I’m an incoming law undergraduate at the University of Cambridge, and I was born and raised in Newham. I am also half Igbo and half Yoruba, two of the largest tribes in Nigeria. I have never hidden from the fact that I’m a Nigerian, and frequent trips back home to my motherland have helped to reinforce my black identity and provided me with the desire to help the Nigerian and Afro-Caribbean diaspora that settle here in the UK.
A variety of factors have driven me to succeed, and continue to drive me today, from wanting to repay the investment that my parents had made in me by moving to London (from Nigeria) in 1999, to wanting to improve my life chances. However, one of my most important factors is the desire to be different.
I do understand that this is more easily said than done: we are all influenced by the environment (meaning our communities, friends, family and media) in one way or another.
But when the environment that you have been brought up in threatens to limit your ability to grow and become successful by any means (regardless of what you deem to be success), then it is imperative that you seize control and use your differences to achieve the end result that YOU want, not necessarily the end result that stereotypes dictate.
I remember a statistic from one of my AS Sociology lessons about Black Britons being nine times more likely to be jailed than their white counterparts.
I had just started thinking about university and the possibility of applying to Oxbridge, and was pondering on the fact that I, as a young black male from London, was more likely to end up on the wrong side of the law than in a university like Cambridge studying the law.
This made me more determined than ever to take a different path in life and steer clear from the dark underbelly of England’s capital in order to secure a stable, fulfilling and rewarding future for myself and my family.

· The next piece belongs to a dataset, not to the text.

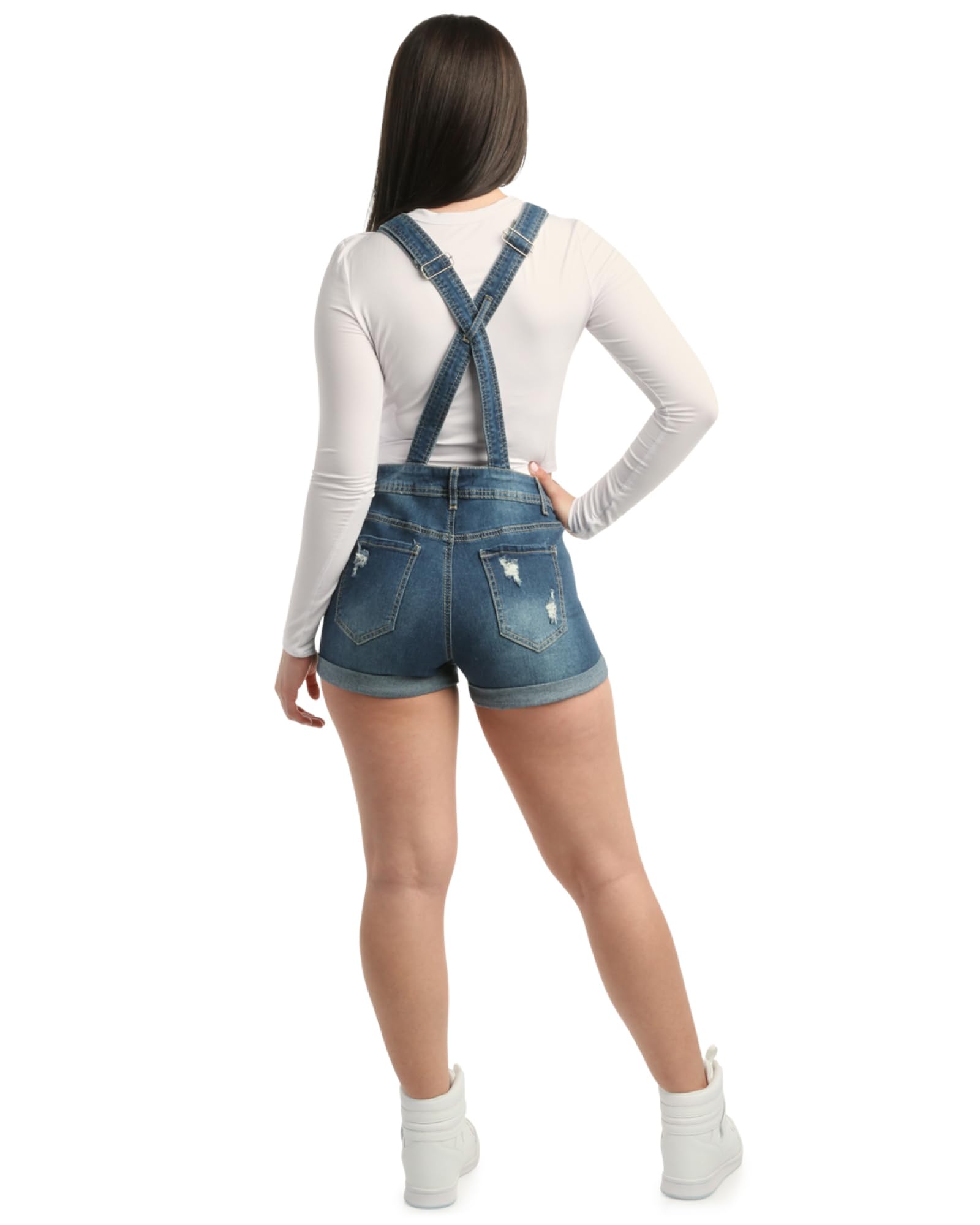 Women's Denim Shortalls - Stretch Jean Overalls for Casual Wear & Summer Outfits | Perfect for Picnics, Beach Days & Outdoor Adventures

In my instance, applying to study law meant that I had to spend significantly more time indoors and locked up in my bedroom revising for multiple entry examinations (such as the Cambridge Law Test and Law National Aptitude Test (LNAT)) over the past 18 months, despite others around me soaking in their first bit of clubbing and eating out that they had had in over a year, given the initial lifting of the COVID-19 restrictions in the summer and autumn of 2020.

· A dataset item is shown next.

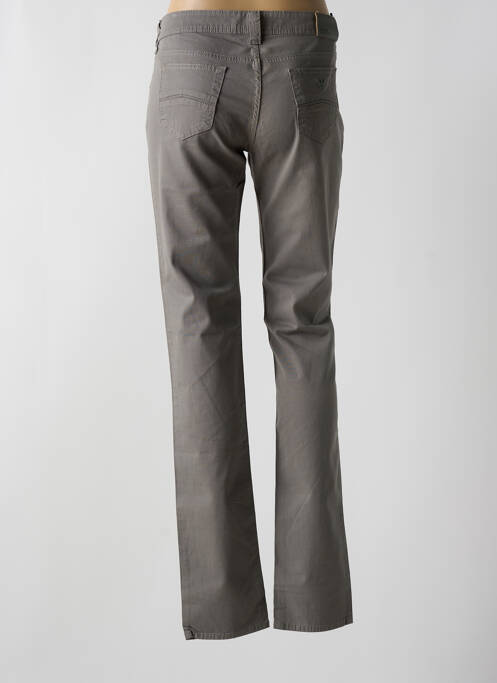 Pantalon slim gris ARMANI pour femme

Through this, I had forged my own path that was different from the others and learnt about the art of sacrifice: in sacrificing much of my social life, I had been graced with university offers and high aptitude scores.
The University of Cambridge welcomed a record 137 UK-based Black undergraduate students as part of their 2020 intake. It is projected that the figure will rise this year.In addition the Russell Group of high profile research universities currently have less than approximately 4 per cent of their undergraduates as Black Britons, as of July 2021.
Of all apprenticeship starts in 2019/20, some 13.3 per cent were black or thenic minority according to the Department of Education. These figures are evidence of a new wave of young and black individuals who aspire to break down stereotypes, but they are still not reflective of the vast amount of potential that exists within these diverse communities.
Young people can be part of the change that shatters diversity and inclusion statistics in the top firms, companies, and universities. Not everybody aspires to go to university, enter the music industry or become a professional footballer, and that is perfectly fine, but there is a new wave of change with people who use their talents to dismantle the racial constraints that plague ethnic communities today. The question is: what can other black or ethnic minority youngsters or others take from this? We are all products of our environment, but we don’t have to become victims of it.